Finally, I just got up and left the store.

However, sheep manure was on sale this week, and I need it for my short raspberry canes; I’m not giving up completely on my garden, though I’ve had to cut it in half this year. Well, yesterday, I worked up a good ‘mad’, and just barged into that store and ordered 2 bags of sheep manure, delivered, and they were so surprised that they did up my order without comment and delivered it in half an hour.
GBS changed my brain; I used to be very shy, but now I hardly give a darn sometimes.

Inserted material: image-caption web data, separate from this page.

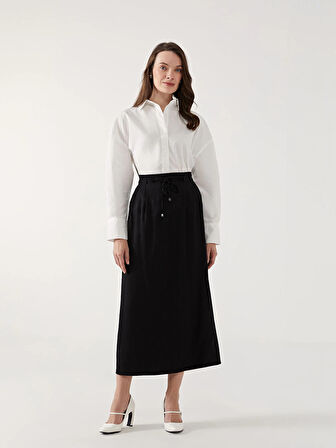 LCW Grace SİYAH Loose Fit A Kesim Kadın Etek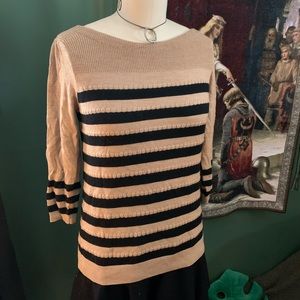 Loft 3/4 Sleeve Striped Lightweight Sweater No Signs of Wear Bateau Neck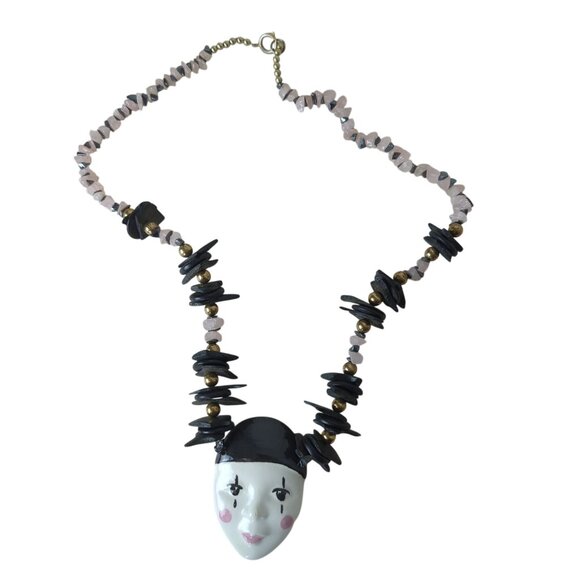 Vintage Harlequin Face Ceramic Pendant Necklace Pink and black stone & wood‎ 25" - Picture 1 of 16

2. Something has eaten off all my basil seedlings, so I went to another store to get more seed. There’s a really snarky clerk there, swears a lot, and sneers openly and acts really bored with her job. I checked out the seed rack; now this is a dollar store, so the seed has always been 3 for .99, but lately they’re charging more, so the price went up to 3 for $1.29. After looking at all the seed packets, I could only find basil which had an expiry date of May 2007, lettuce with an expiry date of 2006, and parsley with an expiry date of 2011. Not too promising, but I took it to the counter. She rang it up and also added both taxes (12%) on the total. I told her, No, it’s vegetable seed, so no taxes, only the flower seed is taxed. I’ve bought seed for years this way, and from that store too. Well, she got huffy and said that’s the way they sell it. So, instead of backing down, I told her I wouldn’t buy it; as I was leaving the store, she made a few more comments “I was wrong, and not to argue with her”, to which I turned my head and said “That’s B.S.” (Well, it was B.S.), and pre-GBS, I was a mouse, but now I’m a worm that has turned.